The principal and very important disadvantage of this implementation is that currently it was only used for one example in one paper, in contrast to the original C/C++ implementation which has received many years of focussed attention. This implementation also has not been exhaustively tested for consistency with the original.

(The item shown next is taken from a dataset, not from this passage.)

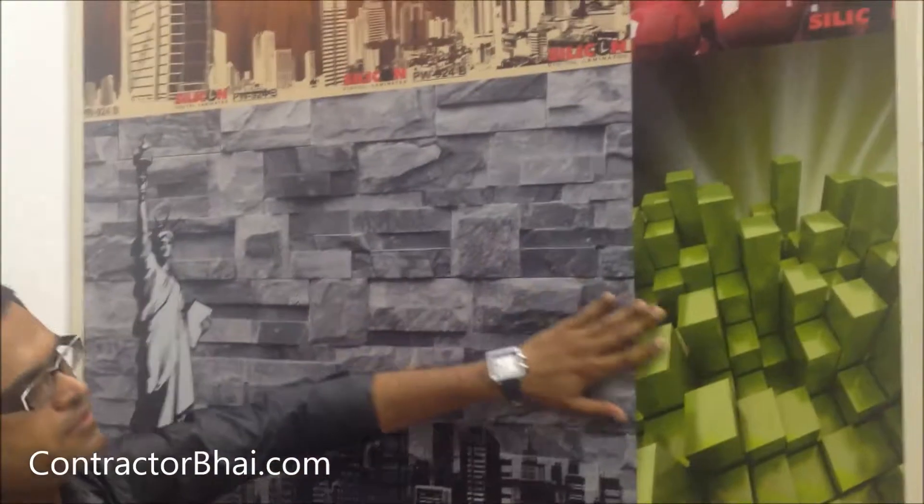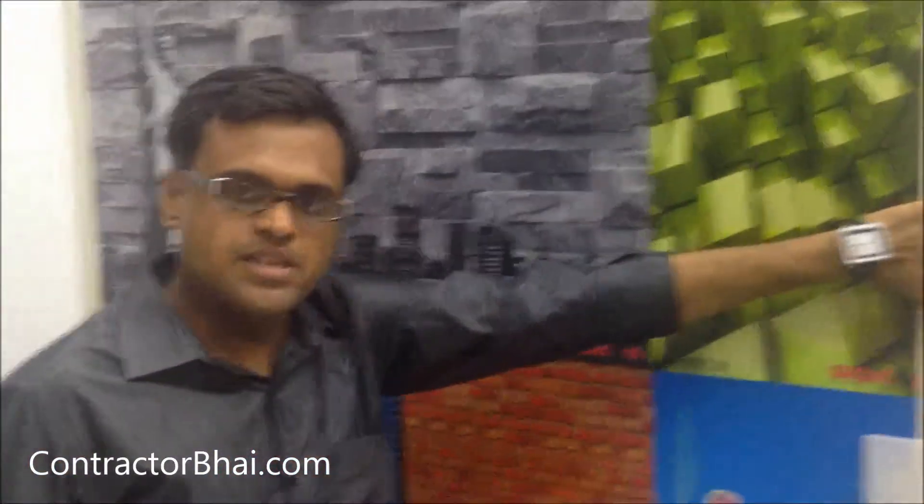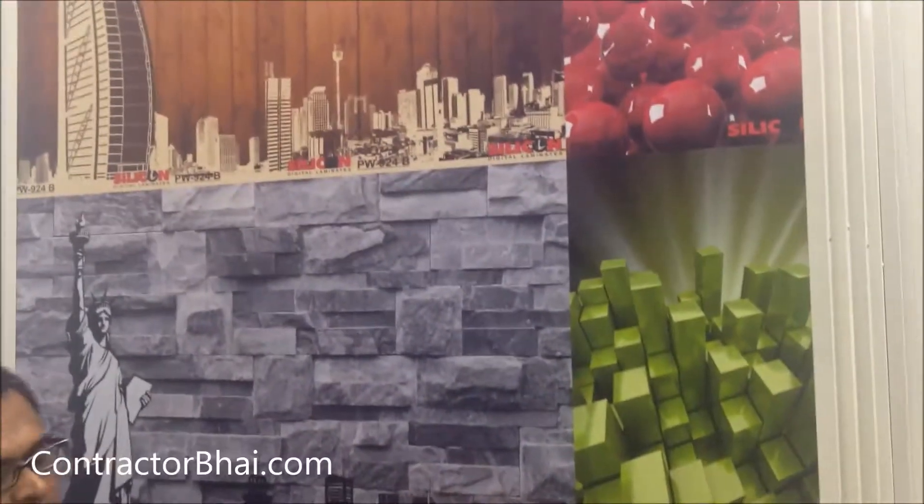This is a digital laminate printing. This is a laminate base. This is a digital printing. It is customized — whatever size you want, whatever printing you want, whatever design you want, you can design it and print it.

  • Basic qualitative comparisons suggests that the single neuron conductance models closely reproduce the results reported by Prinz et al.
  • Some differences in the simulated activity (wrt to the original implementation) do seem to occur when neuron models are combined into a circuit.

Code structure

The code uses MyST Markdown and Jupytext, which enables a literate programming style by embedding rich Markdown comments in Python comments. The result is documentation and code which as near as possible. This is especially useful for scientific programming, where the code itself may not be especially complicated, but may be the result of complex arguments which need mathematics or figures to express intelligibly.

Literate code files like prinz2004.py are multi-purpose:

  • Import them as normal Python modules.
  • Run them as normal Python modules on the command line.
  • When opened in Jupyter Notebook or VS Code, all markdown comments are rendered inline, placing math and figures right there alongside the code.
  • Export to HTML book format (this is how we produce the documentation).

Installation

Since the documentation is inlined with the code, we recommend including the source code in your project

  1. Download the most recent release.
    Alternatively, you can use git-subrepo to clone this repository into a subdirectory of your project.

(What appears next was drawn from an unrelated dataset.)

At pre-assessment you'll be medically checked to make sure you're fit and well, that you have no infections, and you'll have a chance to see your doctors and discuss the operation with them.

  2. Unpack into your project directory, so it looks something like

    <my-project>
    ├─ ...
    └─ pyloric_simulator
       ├─ config/
       ├─ prinz2004.py
       ├─ requirements.txt
       └─ ...
    

    or

    <my-project>
    ├─ ...
    └─ lib
       └─ pyloric_simulator
          ├─ config/
          ├─ prinz2004.py
          ├─ requirements.txt
          └─ ...
    
  3. Install the requirements

    pip install -r ./pyloric_simulator/requirements.txt

  4. Add the contents of requirements.txt to your own dependencies.

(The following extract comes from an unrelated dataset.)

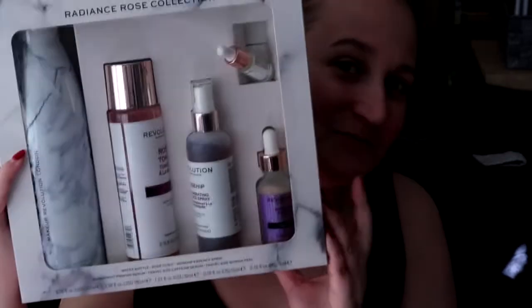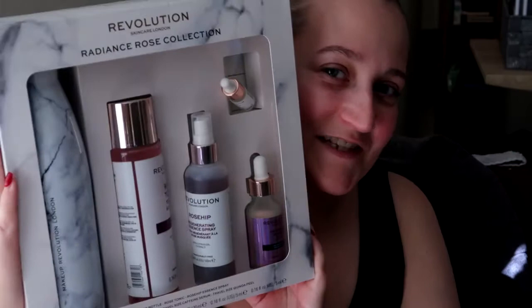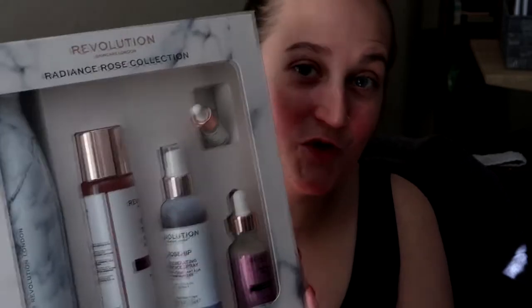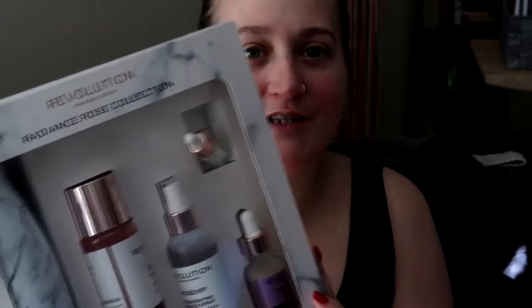I actually found a bargain. I think it's £33 or £35 on their website, but in Boots they were doing the gift set collection — the Radiance Rose collection — for £22.50. I went and bought it, because that's what I do. I haven't opened this, but I know what's inside it. I'm going to show you what you get and check out the quality.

To use the prinz2004.py module, just import it as you would any of your own modules.

Alternative: Standalone package

If you want to develop the simulator, you may prefer to clone the repository and make it a dependency to your project.

  1. Choose a location for the repo

    cd ~/code
    
  2. Clone the repo

    git clone git@github.com:alcrene/pyloric-network-simulator.git
    
  3. Install in development mode

    pip install -e ./pyloric-network-simulator
    

Usage

See the documentation.

Building the documentation

Ensure the .md and .py files are synchronized

jupytext --sync pyloric_simulator/prinz2004.md

Build the documentation using

jb build .

Push to GitHub Pages

ghp-import -n -p -f _build/html

Footnotes

  1. • Prinz, A. A., Bucher, D. & Marder, E. Similar network activity from disparate circuit parameters. Nature Neuroscience 7, 1345–1352 (2004). doi:10.1038/nn1352
    • Prinz, A. A., Billimoria, C. P. & Marder, E. Alternative to Hand-Tuning Conductance-Based Models: Construction and Analysis of Databases of Model Neurons. Journal of Neurophysiology 90, 3998–4015 (2003). doi:10.1152/jn.00641.2003
    • Marder, E. & Abbott, L. F. Modeling small networks. in Methods in neuronal modeling: from ions to networks (eds. Koch, C. & Segev, I.) (MIT Press, 1998). 2

  2. https://biology.emory.edu/research/Prinz/research.html

  3. Gonçalves, P. J. et al. Training deep neural density estimators to identify mechanistic models of neural dynamics. eLife 9, e56261 (2020). doi:10.7554/eLife.56261

  4. Presuming the Jupytext extension is installed.